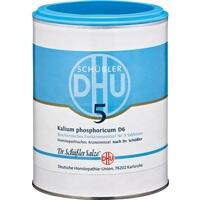 DHU BIOCHEMIE DHU 5 Kalium phosphor. D 6 Comprimés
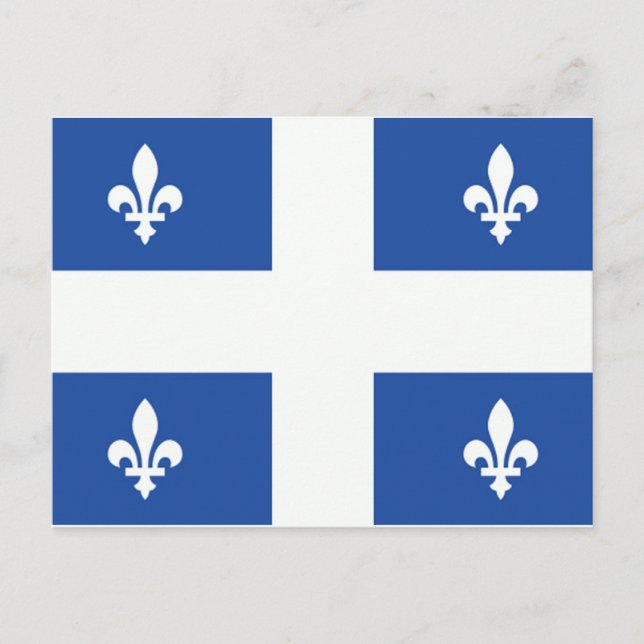 Quebec-Flagge Postkarte (Vorderseite)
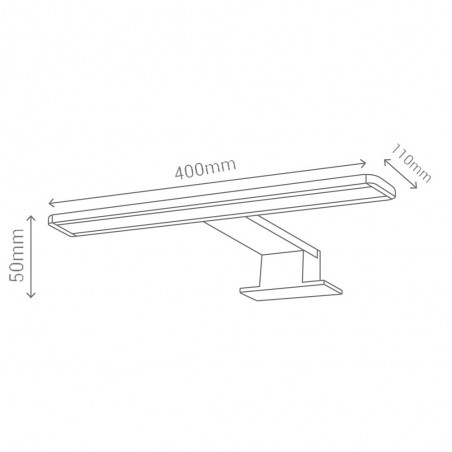 Bathroom LED Wall Light Curves by Sulion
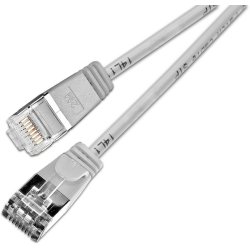 CAT6 Light Patchkabel rund, Skrmet  3.8mm, Gr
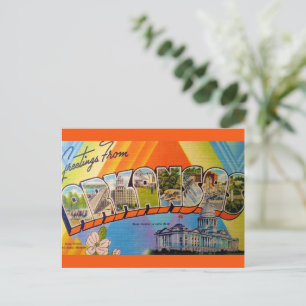Arkansas  kaart Briefkaart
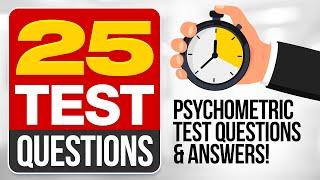 PSYCHOMETRIC TEST! (NUMERICAL REASONING TEST) PRACTICE QUESTIONS & ANSWERS!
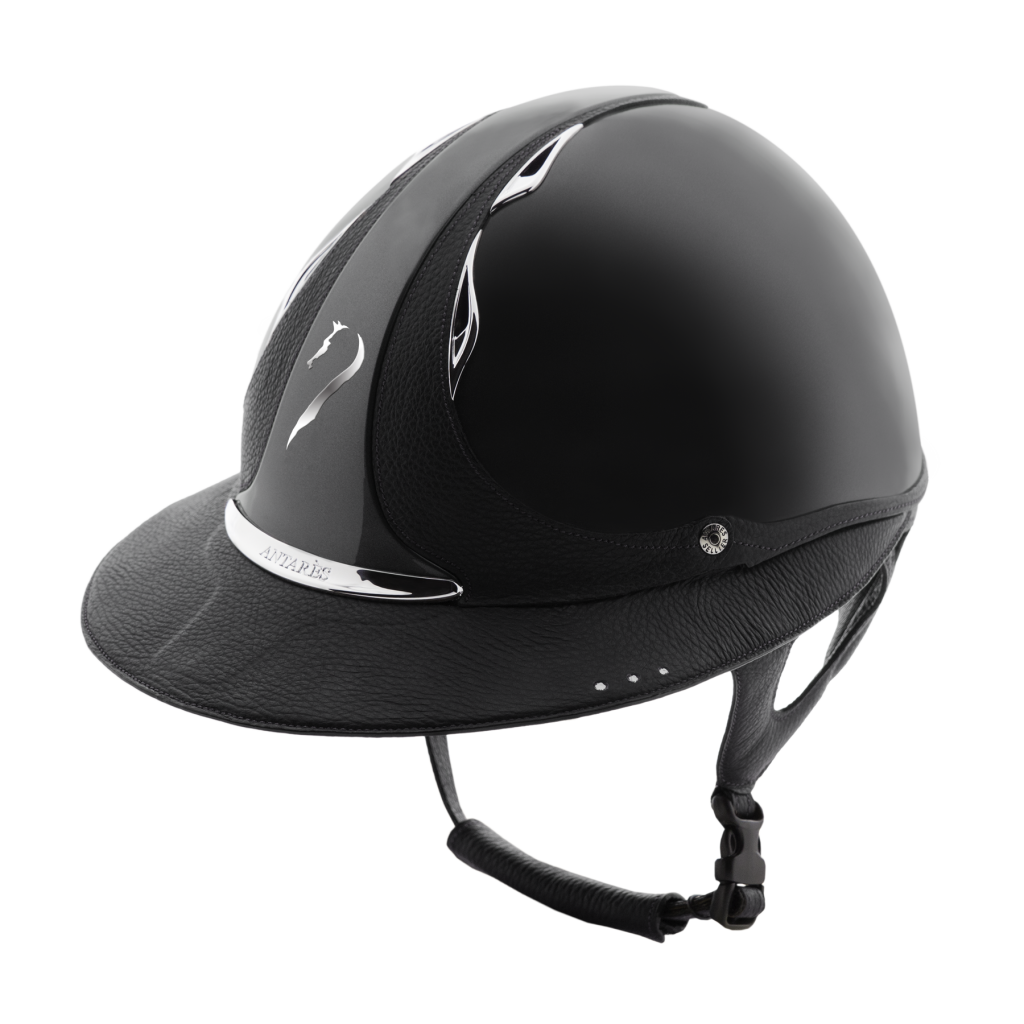 Lustrous Equestrian Helmet by ANTARÈS SELLIER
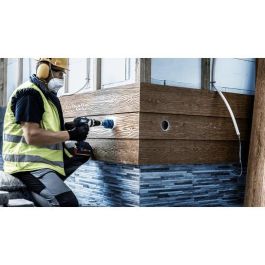 Bosch 2 608 900 421 Broca EXPERT ToughMaterial 25mm para Ladrillo, Plástico, Cerámica, Acero Inoxidable y Madera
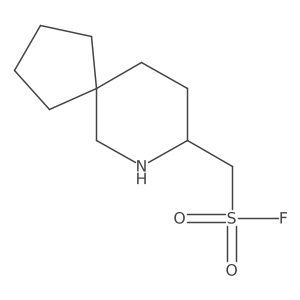 {7-Azaspiro[4.5]decan-8-yl}methanesulfonyl fluoride结构式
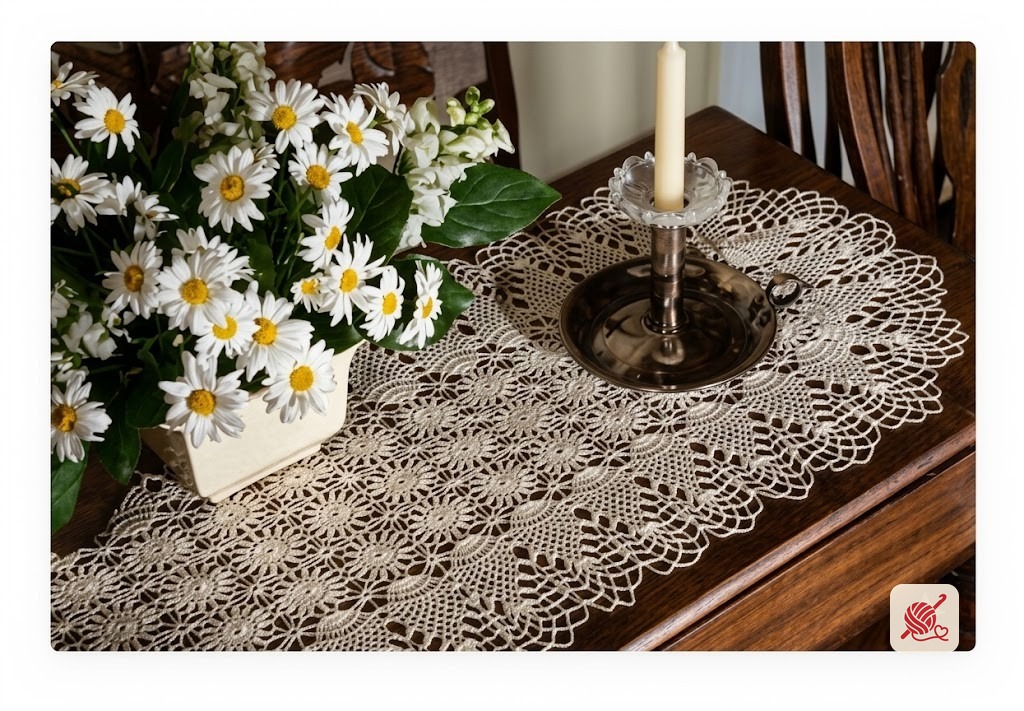 Pineapple Runner Pattern #7855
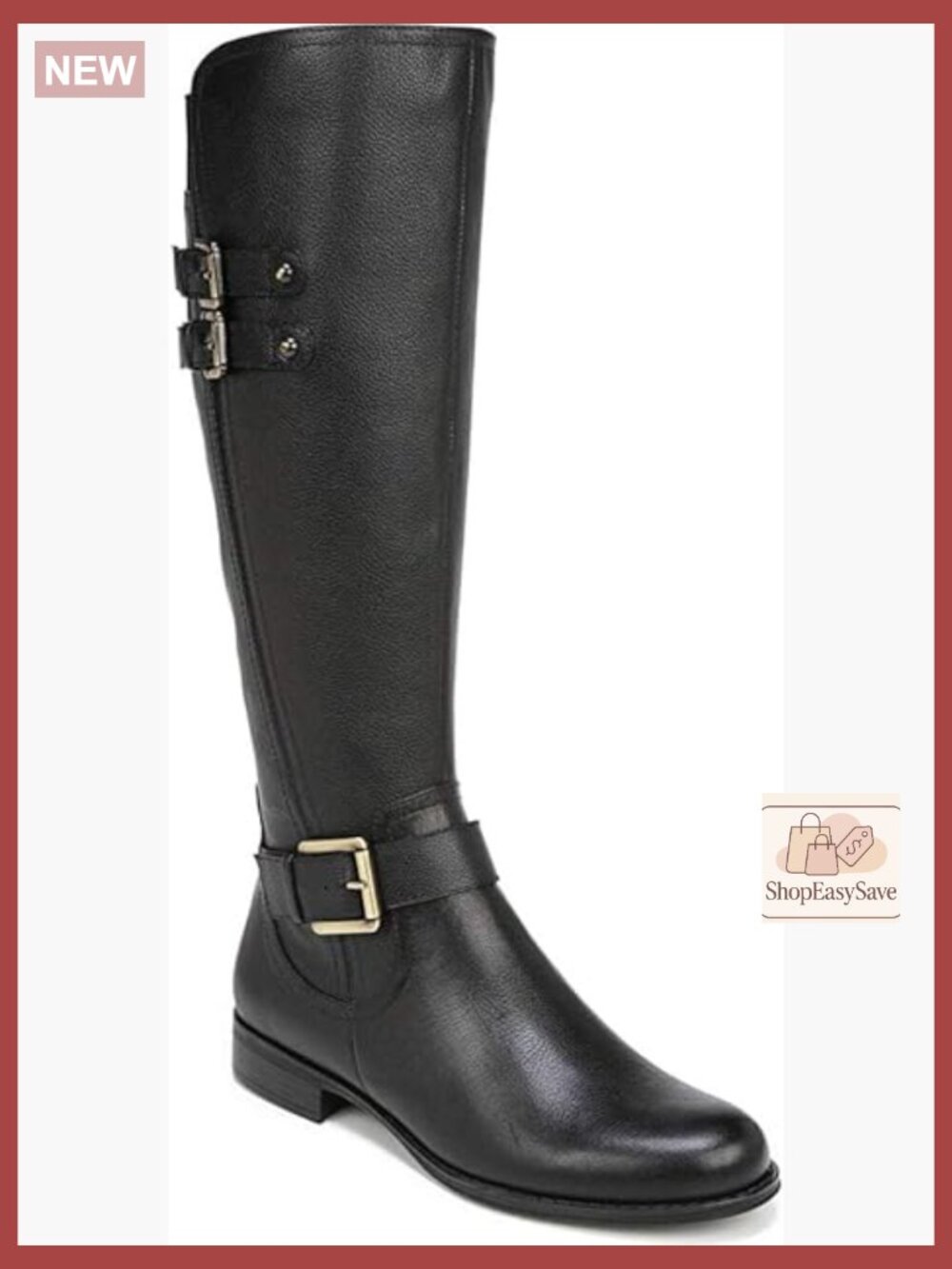 Knee High Wide Calf Boots Elegant Classic Riding Style Comfortable Leather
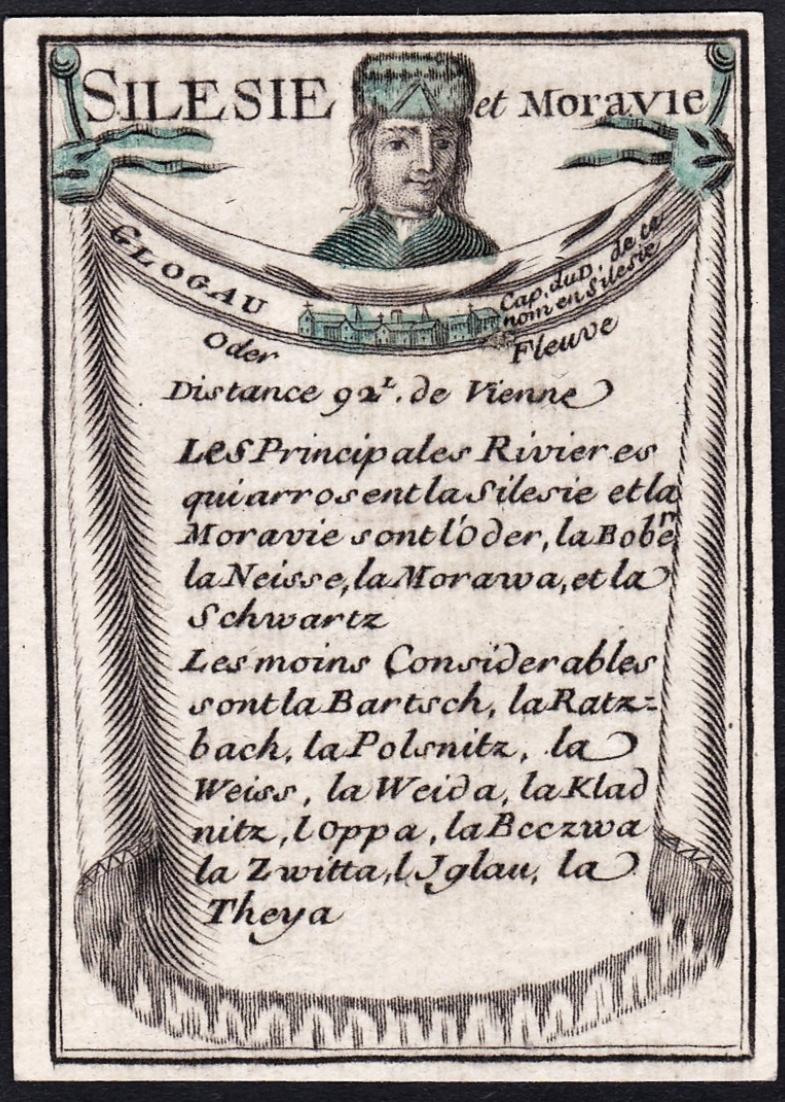 Silesie et Moravie / Glogau Glogow / Polska Poland Polen / Karte map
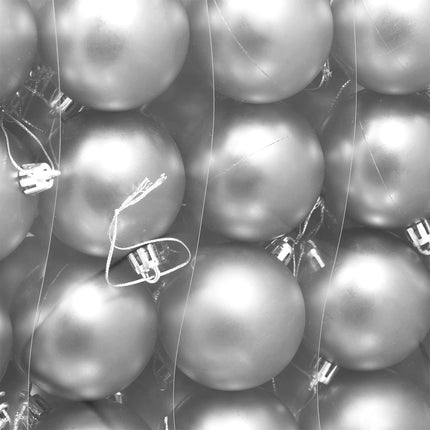 Matte Christmas Baubles Set – 100 Pieces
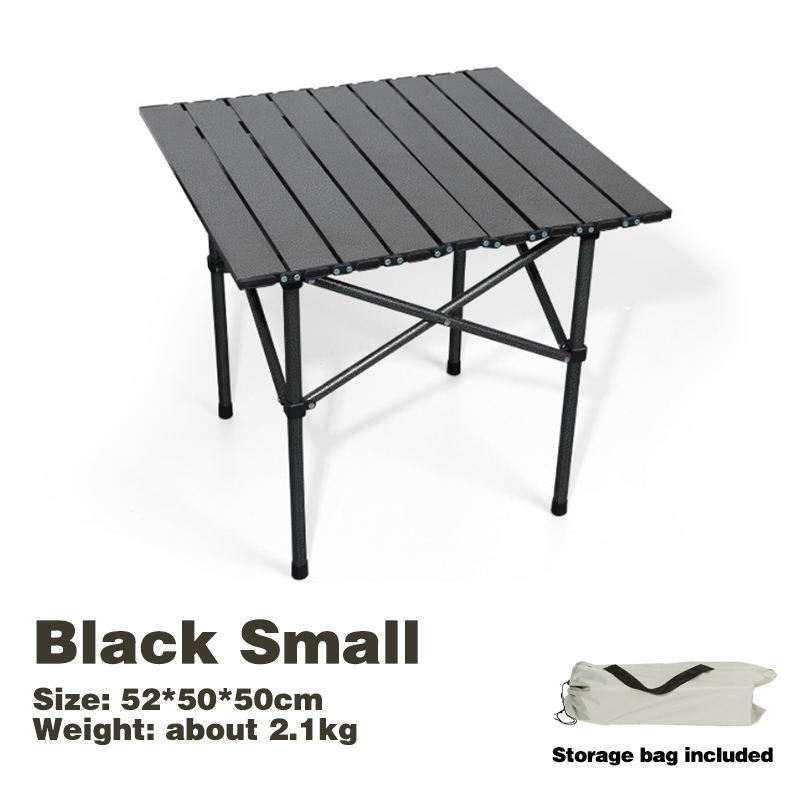 Portable camping table egg roll table Aluminum camping picnic Outdoor folding table and chair set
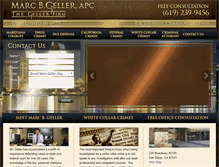 Tablet Screenshot of marcbgeller.com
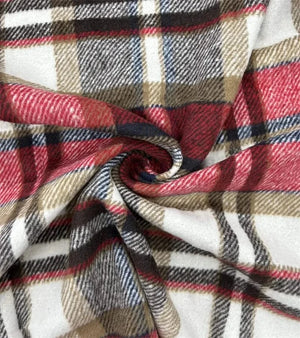 Rutig skjortjacka dam i oversize-modell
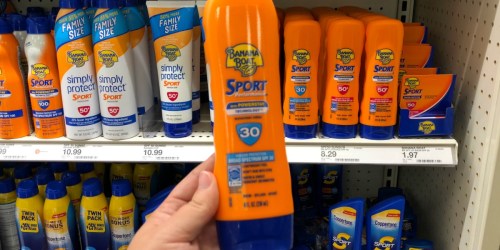 Banana Boat Sunscreen ONLY $3.89 Each After Target Gift Card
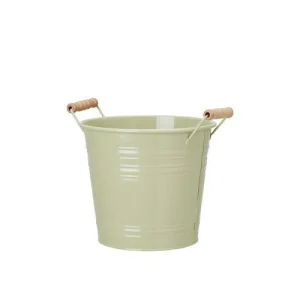 Металеве кашпо для рослин Ariella Green, 20x18 см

**********

Quote exactly the lines from the one that contains "Tablet Screenshot of marcbgeller.com" through the end of the listing above, both ends included, leaving out the pictures.

Solution ->
 Tablet Screenshot of marcbgeller.com
 Rutig skjortjacka dam i oversize-modell
 Banana Boat Sunscreen ONLY $3.89 Each After Target Gift Card
 Металеве кашпо для рослин Ariella Green, 20x18 см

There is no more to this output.